May 26, 2006: Gonzales and FBI Director Robert Mueller meet with Internet and telecommunications companies.

June 27, 2006: Rep. Joe Barton, chair of a House committee, calls new child protection legislation a "highest priority."

"Imposing broad data retention would be a significant change to U.S. law, especially when it has not been shown that a narrower data preservation approach will not work just as well," said Kate Dean, director of the U.S. Internet Service Provider Association. "The proposal to store enormous amounts of data on subscribers and keep it live for a lengthy period of time raises serious technical, legal and security concerns." (The association's members include AOL, AT&T, BellSouth, EarthLink and Verizon Communications.)

Qwest's enthusiastic endorsement of mandatory data retention could make it politically easier for members of Congress to enact new laws even if other companies remain staunchly opposed.

Details about the Bush administration's call for data retention remain ambiguous. At the very least, administration officials want to compel Internet providers to keep records of which Internet Protocol address a customer is assigned.
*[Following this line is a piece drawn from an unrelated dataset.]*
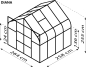 Preview: Vitavia Gewächshaus Diana 6700 4mm HKP BxTxH 264x258x255cm 6,7m² Alu smaragd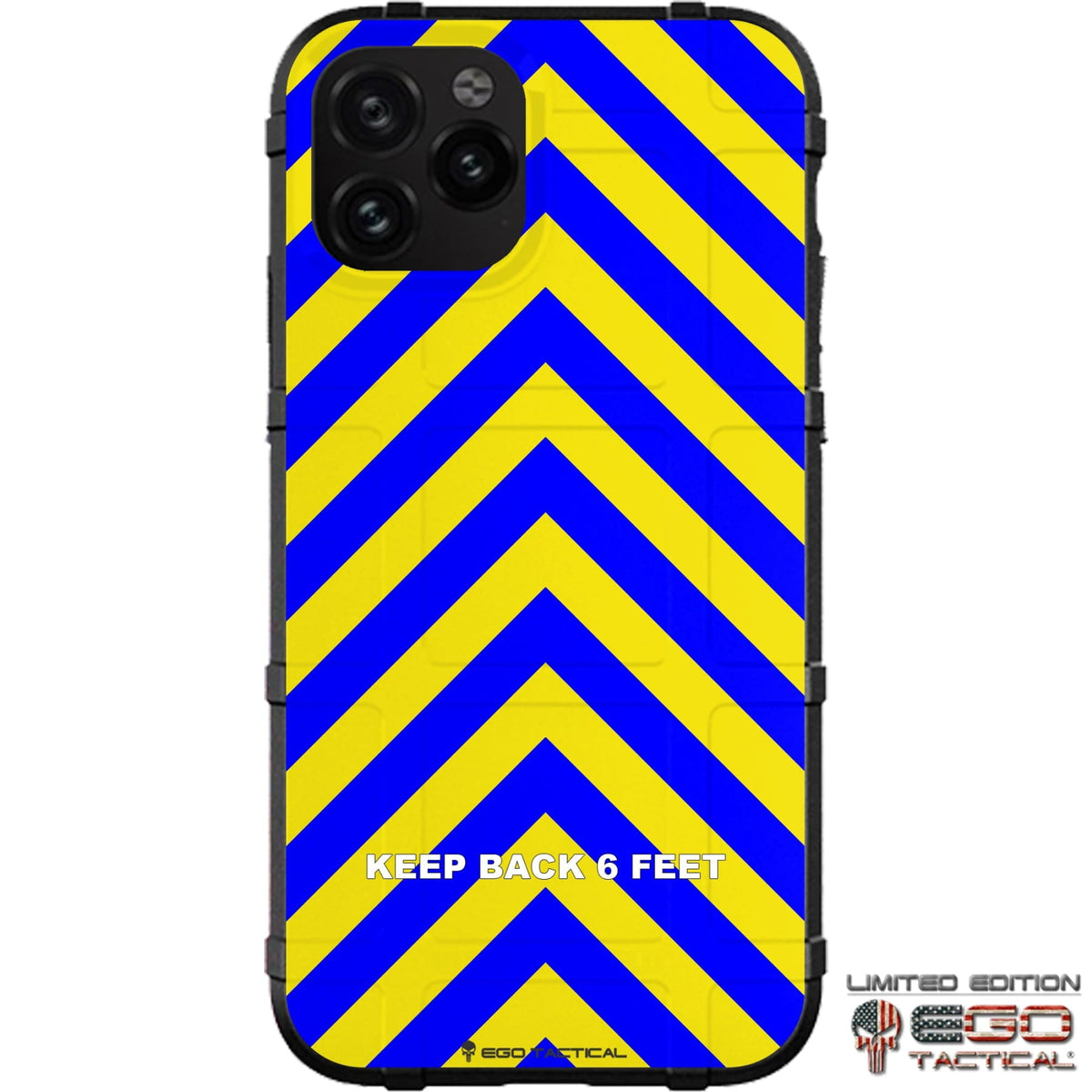 Emergency Vehicle Safety Chevrons Red/Yellow or Blue/Yellow (Stay Back Text) Custom Printed Case Design for Apple, Samsung, Google & Motorola Phone Models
But during private meetings with industry officials, FBI and Justice Department officials have cited the desirability of also forcing search engines to keep logs--a proposal that could gain additional law enforcement support after AOL showed how useful such records could be in investigations.

Mardosz said that keeping records of what Web pages are visited (another possible option) would go too far. "If you get along the lines of content, there's going to be a lot pushback (and privacy concerns)," she said. "We don't want to go there."

DeGette's proposed legislation says any Internet service that "enables users to access content" must permanently retain records that would permit police to identify each user. The records could only be discarded at least one year after the user's account was closed.

Critics of DeGette's proposal have said that while the justification for Internet surveillance might be protecting children, the data would be accessible to any local or state law enforcement official investigating anything from drug possession to tax evasion. In addition, the one-year retention is a minimum; the Federal Communications Commission would receive the authority to require Internet companies to keep records "for not less than one year after a subscriber ceases to subscribe to such services."

At the moment, Internet service providers typically discard any log file that's no longer required for business reasons such as network monitoring, fraud prevention or billing disputes. Companies do, however, alter that general rule when contacted by police performing an investigation--a practice called data preservation.

A 1996 federal law called the Electronic Communication Transactional Records Act regulates data preservation. It requires Internet providers to retain any "record" in their possession for 90 days "upon the request of a governmental entity."

Jennifer Mardosz
Jennifer Mardosz (center)

Because Internet addresses remain a relatively scarce commodity, ISPs tend to allocate them to customers from a pool based on whether a computer is in use at the time. (Two standard techniques used are the Dynamic Host Configuration Protocol and Point-to-Point Protocol over Ethernet.)

In addition, Internet providers are required by another federal law to report child pornography sightings to the National Center for Missing and Exploited Children, which is in turn charged with forwarding that report to the appropriate police agency.

When adopting its data retention rules, the European Parliament approved U.K.-backed requirements saying that communications providers in its 25 member countries--several of which had enacted their own data retention laws already--must retain customer data for a minimum of six months and a maximum of two years.

The Europe-wide requirement applies to a wide variety of "traffic" and "location" data, including the identities of the customers' correspondents; the date, time and duration of phone calls, voice over Internet Protocol calls or e-mail messages; and the location of the device used for the communications. But the "content" of the communications is not supposed to be retained. The rules are expected to take effect in 2008.